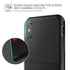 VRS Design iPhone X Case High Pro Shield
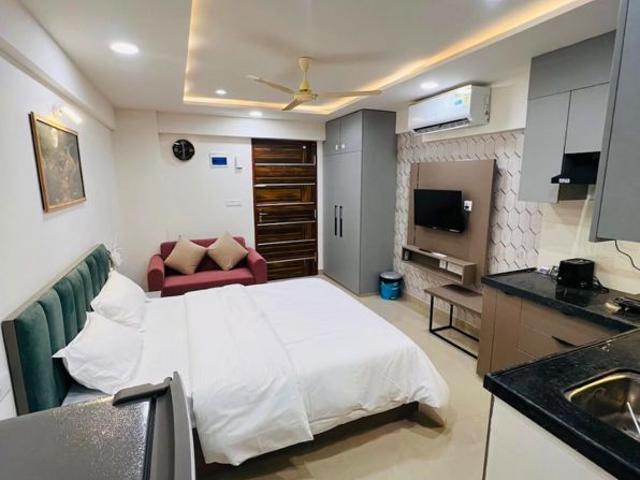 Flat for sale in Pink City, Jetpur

...

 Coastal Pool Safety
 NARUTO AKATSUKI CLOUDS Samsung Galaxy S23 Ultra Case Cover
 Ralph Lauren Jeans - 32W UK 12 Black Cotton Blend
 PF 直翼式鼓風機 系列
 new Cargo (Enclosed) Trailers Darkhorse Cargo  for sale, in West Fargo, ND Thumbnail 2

* _Assignment_
Your answer must consist solely of the lines above between the line holding "Coastal Pool Safety" and the line holding "new Cargo (Enclosed)", inclusive, copied exactly.

* _Expected output_
 Coastal Pool Safety
 NARUTO AKATSUKI CLOUDS Samsung Galaxy S23 Ultra Case Cover
 Ralph Lauren Jeans - 32W UK 12 Black Cotton Blend
 PF 直翼式鼓風機 系列
 new Cargo (Enclosed) Trailers Darkhorse Cargo  for sale, in West Fargo, ND Thumbnail 2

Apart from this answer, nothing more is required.